5. The identification method as described in claim 2, characterized in that, The periodic consistency score Calculate using the following formula: in, Candidate monomeric sequences Length, The period length, This is the position index for alignment after the sequence has been shifted. For indicator functions, when (Right now Upper Position and First When the bases are the same, the value is 1; otherwise, the value is 0. The genome enrichment score Calculate according to the following three formulas in sequence: in, Candidate monomeric sequences, For sequence Length, For k-mer length, Index of the window's starting position. For sequence From the first consecutive starting bits The k-mer corresponding to each base. and They are respectively Frequency of occurrence in the whole genome background and candidate haplogroup To avoid a preset positive small constant at zero frequency, For the first The log-odds ratio of sliding windows For all The arithmetic mean, and These represent taking the maximum value and taking the minimum value, respectively. The sequence complexity score Calculate using the following formula: in, Candidate monomeric sequences, For traversing the set The base types in base In sequence The frequency in; The GC content offset score Calculate using the following formula: in, For sequence GC base ratio, To preset the target GC content, The GC deviation penalty width parameter, To obtain the maximum value.

6. The identification method as described in claim 1, characterized in that, In step (5), the phase correction includes: adjusting the period to... Each single enumeration positive chain Cyclic shift and reverse complementary chain Cyclic shift Candidates are identified; the candidate with the highest positional consistency rate is selected as the optimal phase for that entity, based on the current consensus sequence; at least three rounds of iteration guided by consensus updates are performed; the consensus sequence is enumerated.
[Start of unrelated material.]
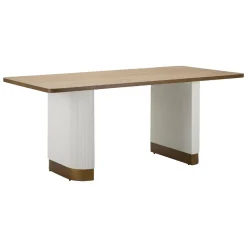 Tavolo grande rettangolare 10 posti bianco e marrone 180x90cm - Brian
Cyclic shift, in which Given the period length, the offset with the highest average positional consistency rate with all original units is selected as the globally optimal phase; finally, the consensus sequence is reconstructed by majority vote in each column.

7. The identification method as described in claim 1, characterized in that, Before constructing the consensus sequence in step (5), the optimal period selection step is also included: For each candidate period in the candidate period set Calculate the consistency rate of each column separately. Average internal consistency between monomers And select the optimal period according to the following formula: in, For period The corresponding column consistency rate For period The corresponding average internal consistency between individual units; take The maximum value corresponding to This is the optimal period.
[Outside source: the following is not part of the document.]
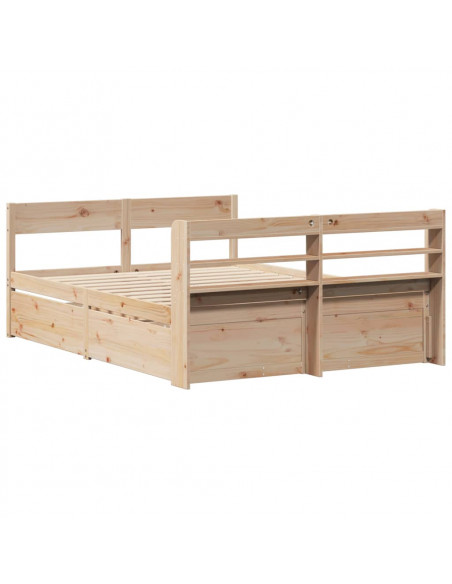 Letto senza Materasso 140x190 cm in Legno Massello di Pino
8. The identification method as described in claim 1, characterized in that, In step (4), the clustering adopts Jaccard distance hierarchical clustering based on k-mer, including: Candidate monomer sequences are encoded as k-mer existence vectors, and the Jaccard distance between each pair is calculated. Hierarchical clustering is performed based on the Jaccard distance, and monomer subtypes are divided according to a preset similarity threshold.

9. A set of high-confidence plant centromere candidate monomers obtained by screening using the method described in any one of claims 1 to 8, or a consensus sequence of plant centromere tandem repeat sequences constructed therefrom.

10. The application of the method as described in any one of claims 1 to 8 in centromere region annotation of plant genomes, centromere function research, plant variety identification, chromosome fluorescence in situ hybridization probe design, or comparative genomics analysis.